---------- INPUT FOR THIS TASK ----------

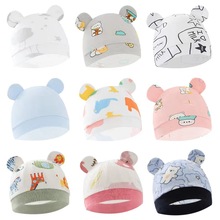外贸欧美新生儿胎帽婴儿帽卡通印花双耳宝宝帽子8320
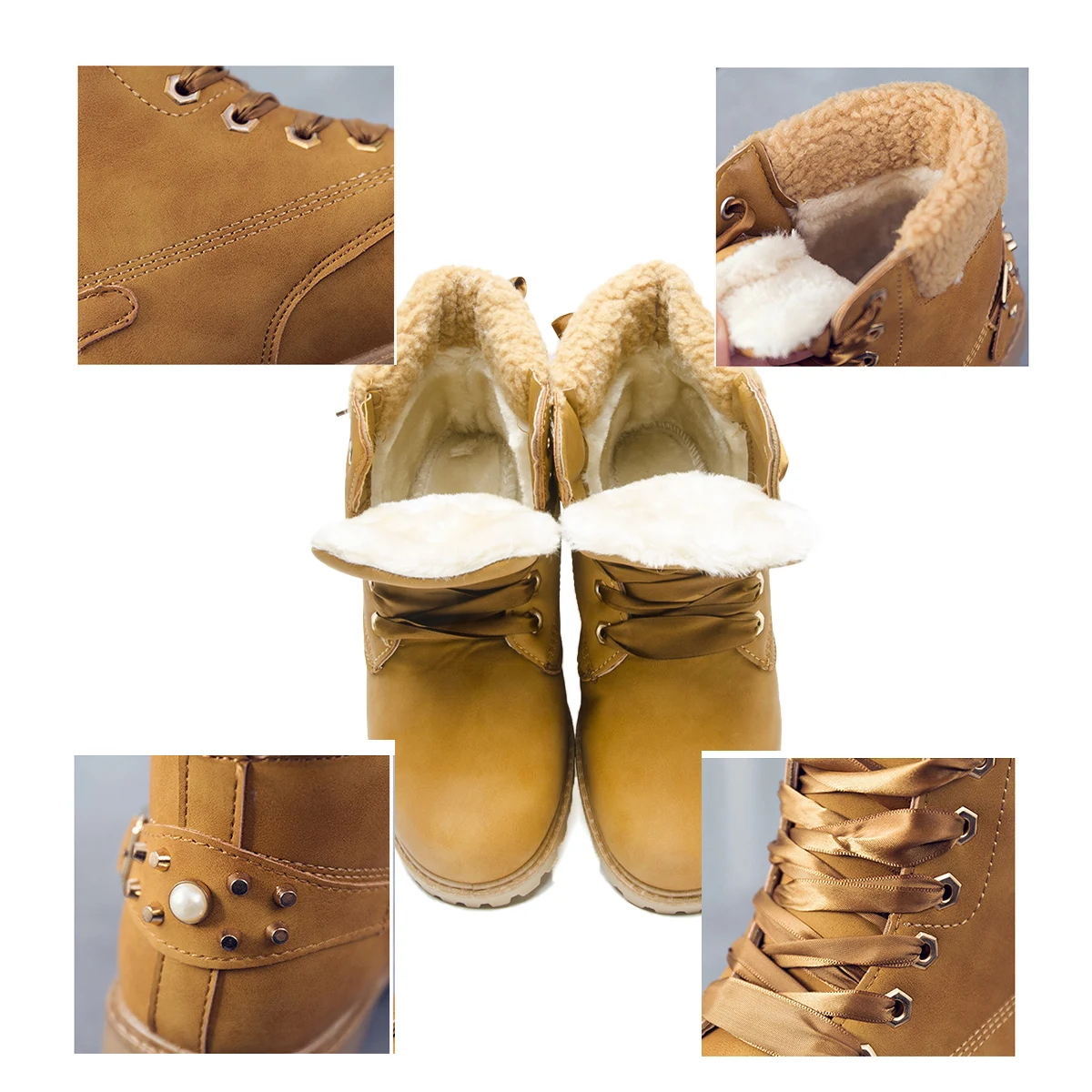 Fujin/женские зимние ботинки Розовые женские на платформе Повседневные ботильоны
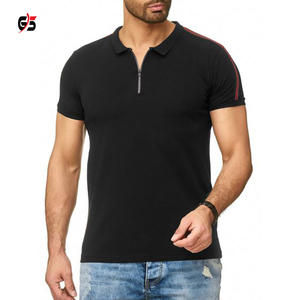 Camiseta superior de alta calidad para hombre, producto con cremallera, cuello vuelto, forro polar de algodón, diseño personalizado, Logo, manga corta - Product Image 5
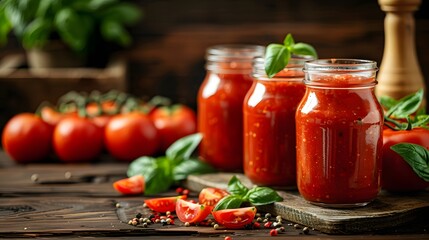 Tomato sauce in glass jars on an old wooden table with fresh tomatoes and basil leaves, ready to be served as part of the meal or for use in cooking.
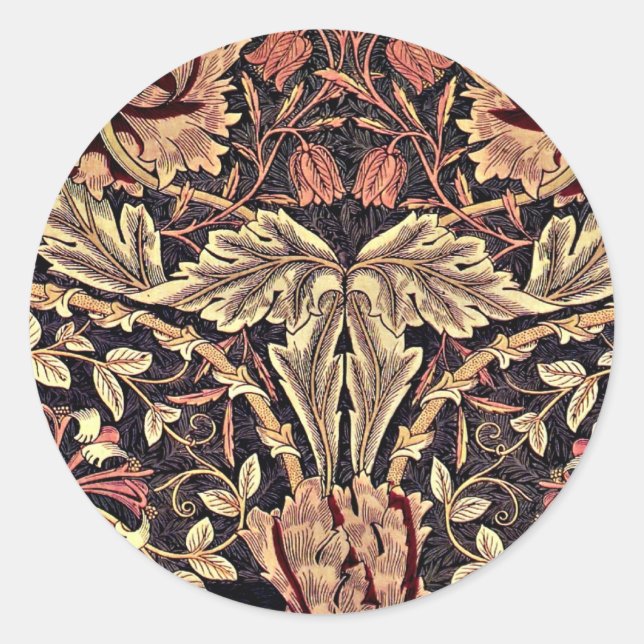 Adesivo Honeysuckle, um design de colheita William Morris, (Frente)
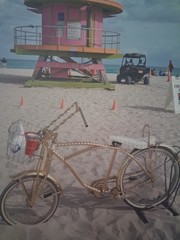Miami Beach Gold Lowrider Bike Wall Art 18 X 24 Canvas Wall Art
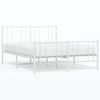 vidaXL Metal Bed Frame without Mattress with Footboard White 120x200cm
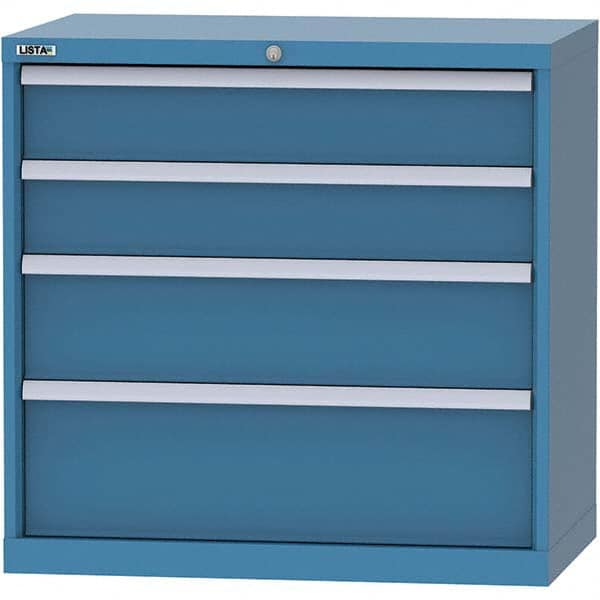 LISTA - 4 Drawer, 84 Compartment Bright Blue Steel Modular Storage Cabinet - Benchmark Tooling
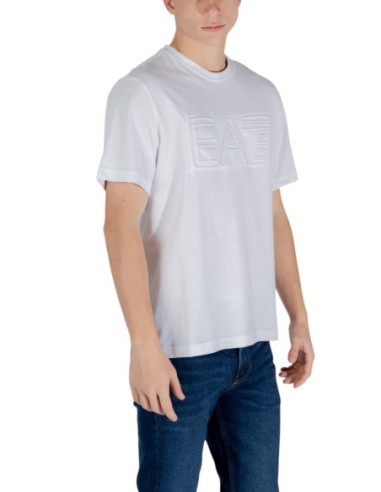 EA7 T-shirt homme blanc manches courtes – Coton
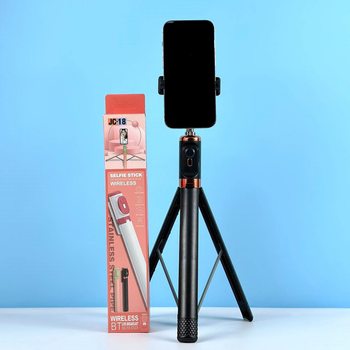 Монопод трипод на штативі 170 см для телефону з пультом ДУ JC-18 Selfie Stick Чорний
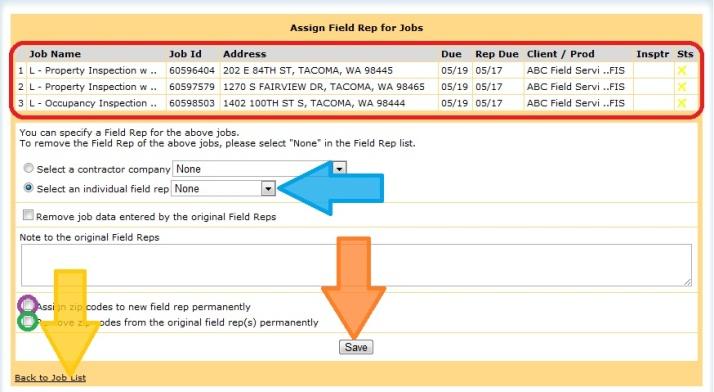 This will open the page shown below. 4 The jobs are now listed in a small list at the top of the page. Use the drop down to select a field rep to cover these jobs.
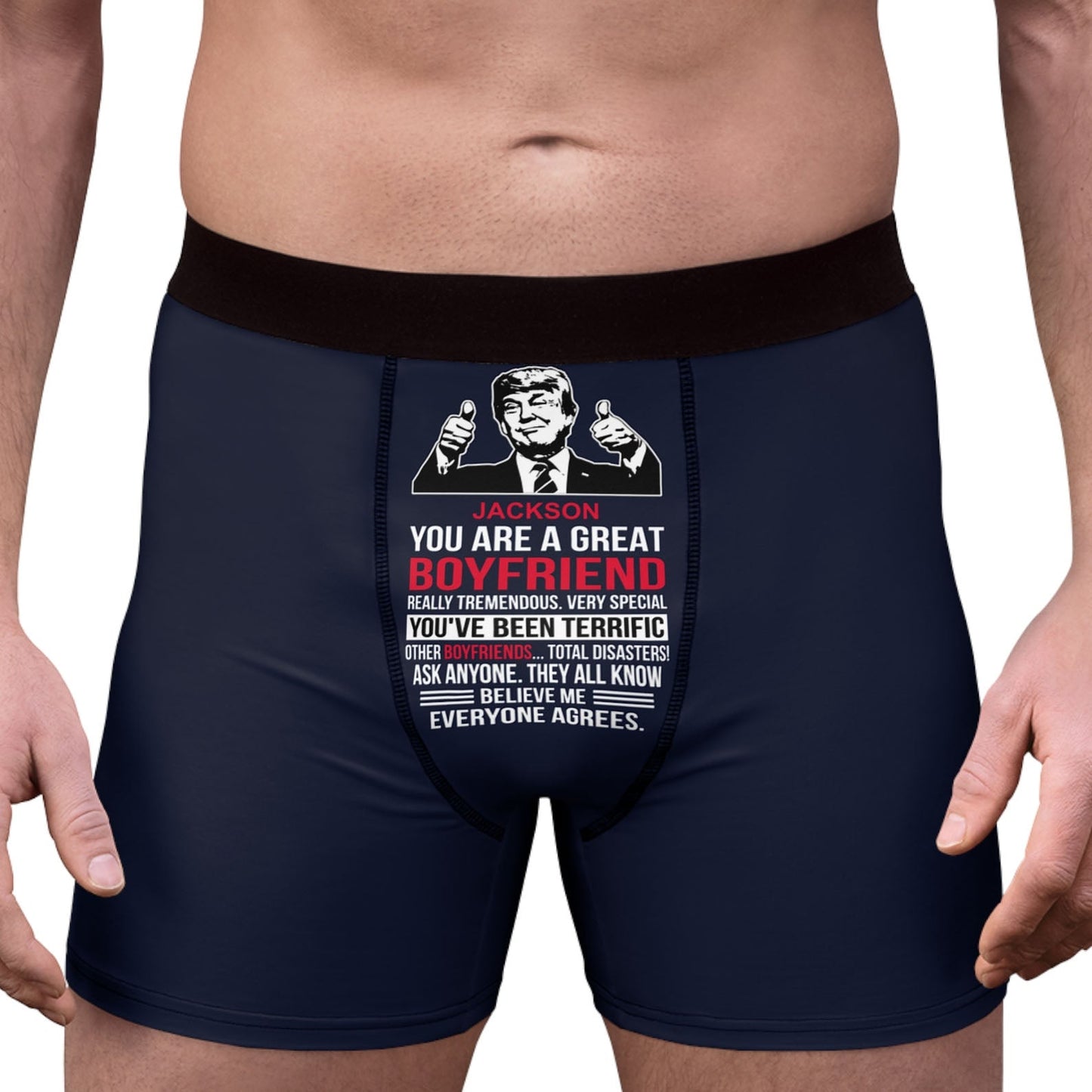 You are Great Husband Boyfriend | Custom Title and Name Trump Boxer Briefs | Personalized Gift Ideas for Husband, Boyfriend, Valentines Day 680629 - GOP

----------

[WHAT YOU NEED TO DO]
Set down the data above word for word, leaving every picture out.

[THE ANSWER]
外贸欧美新生儿胎帽婴儿帽卡通印花双耳宝宝帽子8320
 Fujin/женские зимние ботинки Розовые женские на платформе Повседневные ботильоны
 Camiseta superior de alta calidad para hombre, producto con cremallera, cuello vuelto, forro polar de algodón, diseño personalizado, Logo, manga corta - Product Image 5
 Tomato sauce in glass jars on an old wooden table with fresh tomatoes and basil leaves, ready to be served as part of the meal or for use in cooking.
 Adesivo Honeysuckle, um design de colheita William Morris, (Frente)
Miami Beach Gold Lowrider Bike Wall Art 18 X 24 Canvas Wall Art
 vidaXL Metal Bed Frame without Mattress with Footboard White 120x200cm
 LISTA - 4 Drawer, 84 Compartment Bright Blue Steel Modular Storage Cabinet - Benchmark Tooling
 EA7 T-shirt homme blanc manches courtes – Coton
 Монопод трипод на штативі 170 см для телефону з пультом ДУ JC-18 Selfie Stick Чорний
 This will open the page shown below. 4 The jobs are now listed in a small list at the top of the page. Use the drop down to select a field rep to cover these jobs.
 You are Great Husband Boyfriend | Custom Title and Name Trump Boxer Briefs | Personalized Gift Ideas for Husband, Boyfriend, Valentines Day 680629 - GOP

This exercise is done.